In The Jungle and The Rain, Renato Barja Jr. takes us on a stroll through his former neighborhood, an urban landscape he douses with the color of unpainted
cement, the same ashen hue that water turns into after it’s been used to scrub off grime. He looks back at the love-hate relationship he maintained with this corner of Cavite, at the cast of characters he encountered for five years on a daily basis. With them he shared in the din, the putrid smells, the overall drabness of a working class community, one that recession and Typhoon Ondoy had reduced to skid row.
Jojo’s paintings echo the comic book illustrations he devoured as a child. His resin figurines take after the vinyl toys he also collects. Through his work, he introduces us to Bumbo the neighborhood butcher, who poses with carcasses of meat hanging a la Francis Bacon, or stands menacingly in 3D, clutching the pig’s head which will end up picked clean for pulutan. Then, there is the local crackpot, The Prophet. In his portrait, our eyes are directed to the puzzled expression of the dog he has enclosed in his arms, the same dog that stands by his side in his resin incarnation.

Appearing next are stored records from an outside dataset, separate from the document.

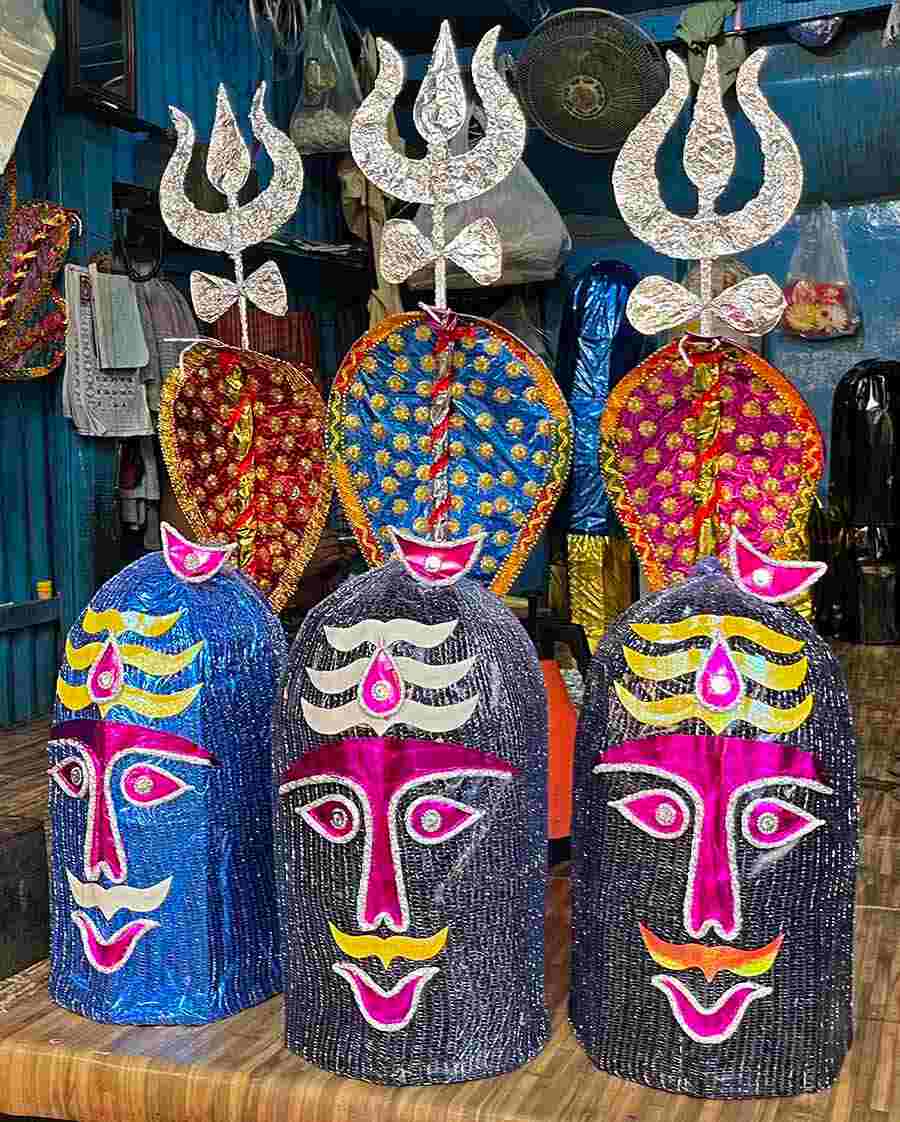Shivlings made of thermocol on sale at Jagannath Ghat flower market, to be used for Shiva’s ‘avishek’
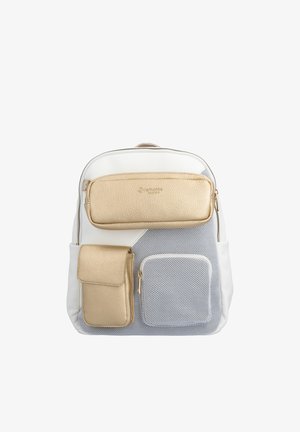 Sac à dos en tissu maille blanc et gris, équipé de trois poches avant beige avec fermetures éclair et rabats, sur fond blanc.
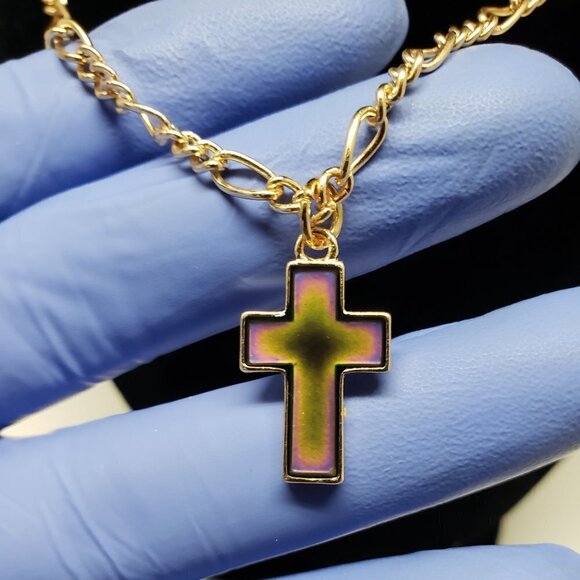 Unisex Polished Gold-tone Necklace with color changes Cross Pendant, 18+3-inch - Picture 3 of 11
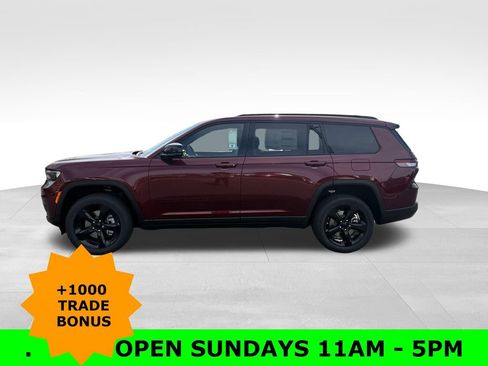 New 2025 Jeep Grand Cherokee L Altitude image 4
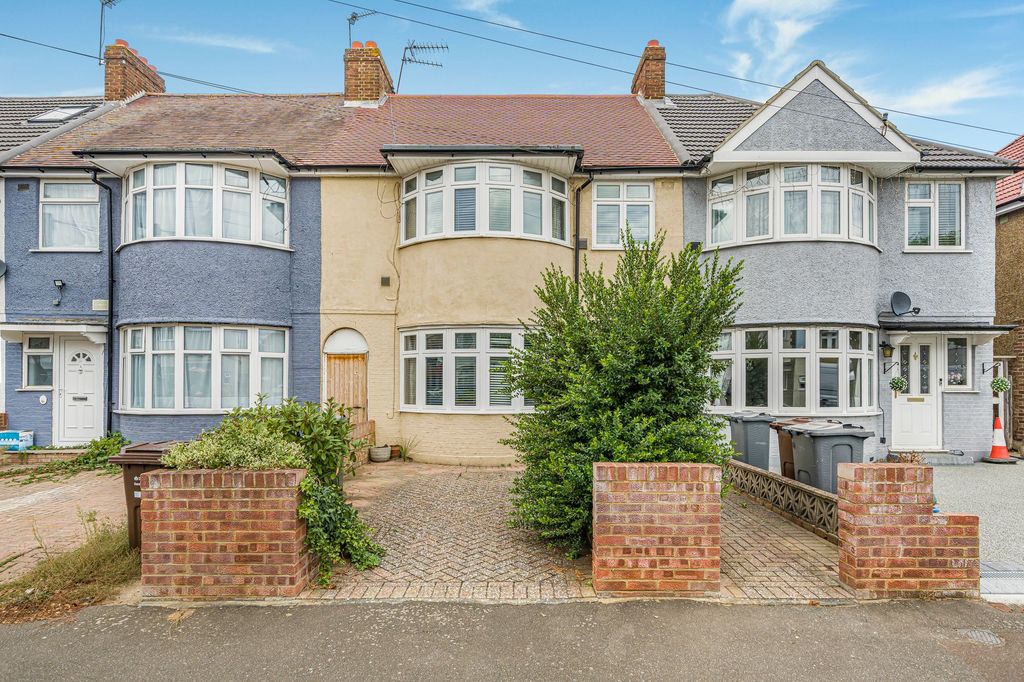 Property photo 1 of 12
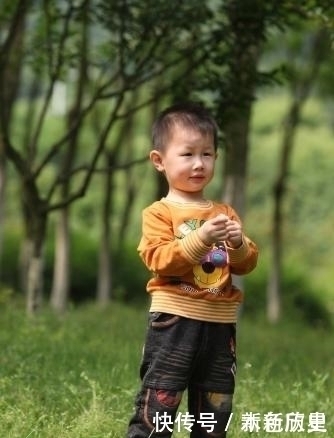 妈妈|把妹妹托付给乡下的姥姥,把哥哥给乡下奶奶,几天后,妈妈笑喷了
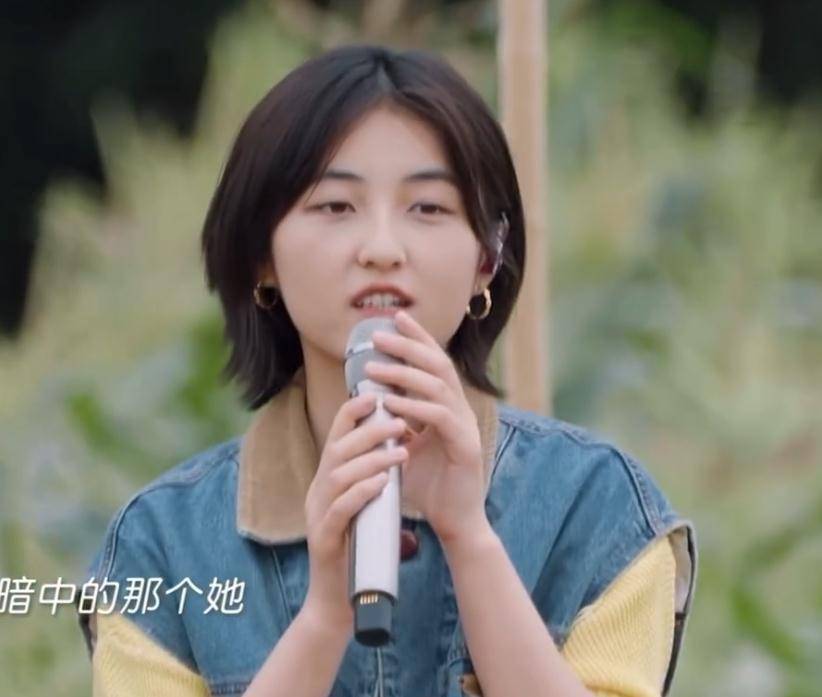 服装|《向往的生活》收官！张子枫温柔献唱，身穿牛仔嫩得好像还没长大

Because of the technique Jojo has adopted, we look at the people he portrays as we would protagonists in a graphic novel. Like characters of fiction, they draw us in but we remain observers rather than involved participants. We are concerned and curious, as we would be for actors on a stage. But as he has imbued his portraits and scenes with sympathy and humor, along
with splashes of bright color, he allows his characters to endear themselves to us. We can’t help the empathy with which we regard the commuter sleeping on the bus, or the fondness we feel for his sculpted figures: the bug-eyed rugby boys, the blind singing girl. From his work, we sense an obvious connection to the desolate denizens of his former hometown. More than that, we sense his affection too.
After all, he did portray himself as The Bleeding Heart Bird.